3. The setting mechanism as in claim 1, wherein each tooth of said click-wheels is comprised of a first substantially inclined face and a second substantially vertically aligned face relative to said axis of said setting stem, said inclined face promoting traversal of said tooth by said respective elongated arms, and said vertically aligned face impeding said traversal by said respective elongated arms.
4. The setting mechanism as in claim 1, further comprising:
a spring member for biasing an end of said setting stem disposed in said cavity of said case and facilitating a plurality of axial setting positions in response to said axial movement of said setting stem; and
a function lever engagable with said setting stem for providing an indication to said circuitry of a current one of said plurality of axial setting positions.
5. The setting mechanism as in claim 4, wherein said rotational movement of said setting stem in cooperation with said click-wheel assembly, said first elongated arm, and said second elongated arm provides rotational setting positions to corresponding ones of said plurality of axial setting positions.
6. The setting mechanism as in claim 1, wherein said setting stem comprises:
a first portion having a first diameter; and
a second portion having a second diameter greater than said first diameter;
wherein said setting stem is in selective coaxial rotational alignment with said first and said second click-wheels when said click-wheels engage said second portion and wherein said setting stem is not in coaxial rotative alignment with said first and said second click-wheels when said click-wheels engage said first portion;
whereby said click-wheels are frictionally engaged with said setting stem and are rotatable in a respective first and second direction when said setting stem is in at least one of said plurality of axial setting positions and frictionally disengaged with said setting stem and do not rotate relative to said respective elongated arms when said setting stem is in another one of said plurality of axial setting positions.
Description
FIELD OF THE INVENTION

This invention relates generally to electronic timepieces such as digital timepieces and combined analog and digital timepieces. More particularly, this invention relates to an improved setting mechanism for digital and combined analog and digital timepieces.

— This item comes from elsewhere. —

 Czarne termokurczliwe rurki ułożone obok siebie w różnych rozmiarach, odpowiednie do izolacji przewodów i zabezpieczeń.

BACKGROUND OF THE INVENTION

In general, an analog timepiece includes a watch case, a movement disposed in the watch case having a stepping motor which drives gear trains to operate time indicating hands, a dial, a device for illuminating the dial, a rotatable stem slidably disposed in the movement, a crown actuator disposed on the stem external to the watch case for manually rotating and sliding the stem, and a setting pinion disposed on the stem and adapted to engage the gear train when the stem is pulled from a normal "run" position to a "set" position. As is well known in the art, the crown actuator, the stem and the setting pinion comprise a crown setting mechanism. When in the "set" position, the crown setting mechanism is manually operated so that the setting pinion on the stem engages teeth of a setting gear which meshes with the gear train. In this way the time indicating hands may be rotated by rotating the crown actuator to set the time. An example of such an arrangement is seen in U.S. Pat. No. 5,083,300 issued Jan. 21, 1992 to Schwartz and assigned to the assignee of the present invention. An arrangement which particularly addresses the case of analog timepieces having three time indicating hands, is seen in commonly assigned, U.S. Pat. No. 4,794,576 issued Dec. 27, 1988 to Schwartz et al.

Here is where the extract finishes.